▶ **WHAT YOU HAVE TO DO**:
Take the data that sits below and write it out again exactly.

Items from a data source
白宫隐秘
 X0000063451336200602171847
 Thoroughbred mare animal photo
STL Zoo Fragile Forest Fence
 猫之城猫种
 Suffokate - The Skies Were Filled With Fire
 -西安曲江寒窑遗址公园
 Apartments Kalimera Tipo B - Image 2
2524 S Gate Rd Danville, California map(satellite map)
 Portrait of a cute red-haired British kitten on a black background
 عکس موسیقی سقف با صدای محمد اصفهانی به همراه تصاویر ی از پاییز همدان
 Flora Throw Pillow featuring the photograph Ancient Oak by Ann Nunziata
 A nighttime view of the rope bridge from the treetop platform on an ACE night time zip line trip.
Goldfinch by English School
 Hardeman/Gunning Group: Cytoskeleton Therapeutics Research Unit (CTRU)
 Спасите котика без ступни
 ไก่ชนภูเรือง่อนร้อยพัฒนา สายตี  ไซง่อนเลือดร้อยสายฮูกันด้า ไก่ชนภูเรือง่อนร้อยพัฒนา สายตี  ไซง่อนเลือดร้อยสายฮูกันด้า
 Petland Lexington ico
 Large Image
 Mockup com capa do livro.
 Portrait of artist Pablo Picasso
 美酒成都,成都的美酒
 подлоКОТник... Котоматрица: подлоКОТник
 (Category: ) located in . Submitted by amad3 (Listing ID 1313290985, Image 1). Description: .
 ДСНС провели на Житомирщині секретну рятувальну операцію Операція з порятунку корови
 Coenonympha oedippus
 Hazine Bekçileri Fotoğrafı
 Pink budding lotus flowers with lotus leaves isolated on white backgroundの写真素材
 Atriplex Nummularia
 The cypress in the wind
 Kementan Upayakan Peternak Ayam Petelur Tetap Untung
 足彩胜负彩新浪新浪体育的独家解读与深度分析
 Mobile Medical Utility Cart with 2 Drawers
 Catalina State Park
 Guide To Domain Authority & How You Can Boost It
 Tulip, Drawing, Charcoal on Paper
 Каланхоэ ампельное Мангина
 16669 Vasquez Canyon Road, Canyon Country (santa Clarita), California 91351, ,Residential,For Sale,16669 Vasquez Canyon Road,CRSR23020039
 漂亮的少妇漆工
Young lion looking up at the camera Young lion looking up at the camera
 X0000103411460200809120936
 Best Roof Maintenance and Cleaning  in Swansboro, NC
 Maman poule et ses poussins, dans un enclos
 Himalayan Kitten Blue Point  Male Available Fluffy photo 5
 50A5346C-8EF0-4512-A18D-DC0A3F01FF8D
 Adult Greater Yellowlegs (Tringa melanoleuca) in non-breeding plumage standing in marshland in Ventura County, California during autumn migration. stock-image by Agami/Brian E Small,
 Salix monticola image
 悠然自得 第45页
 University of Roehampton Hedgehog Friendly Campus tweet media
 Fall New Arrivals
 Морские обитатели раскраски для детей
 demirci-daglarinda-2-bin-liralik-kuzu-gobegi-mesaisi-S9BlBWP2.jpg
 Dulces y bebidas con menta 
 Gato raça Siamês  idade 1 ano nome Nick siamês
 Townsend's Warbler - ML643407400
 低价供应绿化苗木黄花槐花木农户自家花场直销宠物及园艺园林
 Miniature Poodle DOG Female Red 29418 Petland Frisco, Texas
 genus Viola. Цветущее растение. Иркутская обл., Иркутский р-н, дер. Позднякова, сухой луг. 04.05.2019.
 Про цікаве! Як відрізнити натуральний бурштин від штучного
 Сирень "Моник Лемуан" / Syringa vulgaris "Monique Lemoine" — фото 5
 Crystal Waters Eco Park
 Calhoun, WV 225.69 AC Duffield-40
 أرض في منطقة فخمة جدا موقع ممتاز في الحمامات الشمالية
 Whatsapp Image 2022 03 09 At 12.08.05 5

▶ **WRITTEN REPLY**:
白宫隐秘
 X0000063451336200602171847
 Thoroughbred mare animal photo
STL Zoo Fragile Forest Fence
 猫之城猫种
 Suffokate - The Skies Were Filled With Fire
 -西安曲江寒窑遗址公园
 Apartments Kalimera Tipo B - Image 2
2524 S Gate Rd Danville, California map(satellite map)
 Portrait of a cute red-haired British kitten on a black background
 عکس موسیقی سقف با صدای محمد اصفهانی به همراه تصاویر ی از پاییز همدان
 Flora Throw Pillow featuring the photograph Ancient Oak by Ann Nunziata
 A nighttime view of the rope bridge from the treetop platform on an ACE night time zip line trip.
Goldfinch by English School
 Hardeman/Gunning Group: Cytoskeleton Therapeutics Research Unit (CTRU)
 Спасите котика без ступни
 ไก่ชนภูเรือง่อนร้อยพัฒนา สายตี  ไซง่อนเลือดร้อยสายฮูกันด้า ไก่ชนภูเรือง่อนร้อยพัฒนา สายตี  ไซง่อนเลือดร้อยสายฮูกันด้า
 Petland Lexington ico
 Large Image
 Mockup com capa do livro.
 Portrait of artist Pablo Picasso
 美酒成都,成都的美酒
 подлоКОТник... Котоматрица: подлоКОТник
 (Category: ) located in . Submitted by amad3 (Listing ID 1313290985, Image 1). Description: .
 ДСНС провели на Житомирщині секретну рятувальну операцію Операція з порятунку корови
 Coenonympha oedippus
 Hazine Bekçileri Fotoğrafı
 Pink budding lotus flowers with lotus leaves isolated on white backgroundの写真素材
 Atriplex Nummularia
 The cypress in the wind
 Kementan Upayakan Peternak Ayam Petelur Tetap Untung
 足彩胜负彩新浪新浪体育的独家解读与深度分析
 Mobile Medical Utility Cart with 2 Drawers
 Catalina State Park
 Guide To Domain Authority & How You Can Boost It
 Tulip, Drawing, Charcoal on Paper
 Каланхоэ ампельное Мангина
 16669 Vasquez Canyon Road, Canyon Country (santa Clarita), California 91351, ,Residential,For Sale,16669 Vasquez Canyon Road,CRSR23020039
 漂亮的少妇漆工
Young lion looking up at the camera Young lion looking up at the camera
 X0000103411460200809120936
 Best Roof Maintenance and Cleaning  in Swansboro, NC
 Maman poule et ses poussins, dans un enclos
 Himalayan Kitten Blue Point  Male Available Fluffy photo 5
 50A5346C-8EF0-4512-A18D-DC0A3F01FF8D
 Adult Greater Yellowlegs (Tringa melanoleuca) in non-breeding plumage standing in marshland in Ventura County, California during autumn migration. stock-image by Agami/Brian E Small,
 Salix monticola image
 悠然自得 第45页
 University of Roehampton Hedgehog Friendly Campus tweet media
 Fall New Arrivals
 Морские обитатели раскраски для детей
 demirci-daglarinda-2-bin-liralik-kuzu-gobegi-mesaisi-S9BlBWP2.jpg
 Dulces y bebidas con menta 
 Gato raça Siamês  idade 1 ano nome Nick siamês
 Townsend's Warbler - ML643407400
 低价供应绿化苗木黄花槐花木农户自家花场直销宠物及园艺园林
 Miniature Poodle DOG Female Red 29418 Petland Frisco, Texas
 genus Viola. Цветущее растение. Иркутская обл., Иркутский р-н, дер. Позднякова, сухой луг. 04.05.2019.
 Про цікаве! Як відрізнити натуральний бурштин від штучного
 Сирень "Моник Лемуан" / Syringa vulgaris "Monique Lemoine" — фото 5
 Crystal Waters Eco Park
 Calhoun, WV 225.69 AC Duffield-40
 أرض في منطقة فخمة جدا موقع ممتاز في الحمامات الشمالية
 Whatsapp Image 2022 03 09 At 12.08.05 5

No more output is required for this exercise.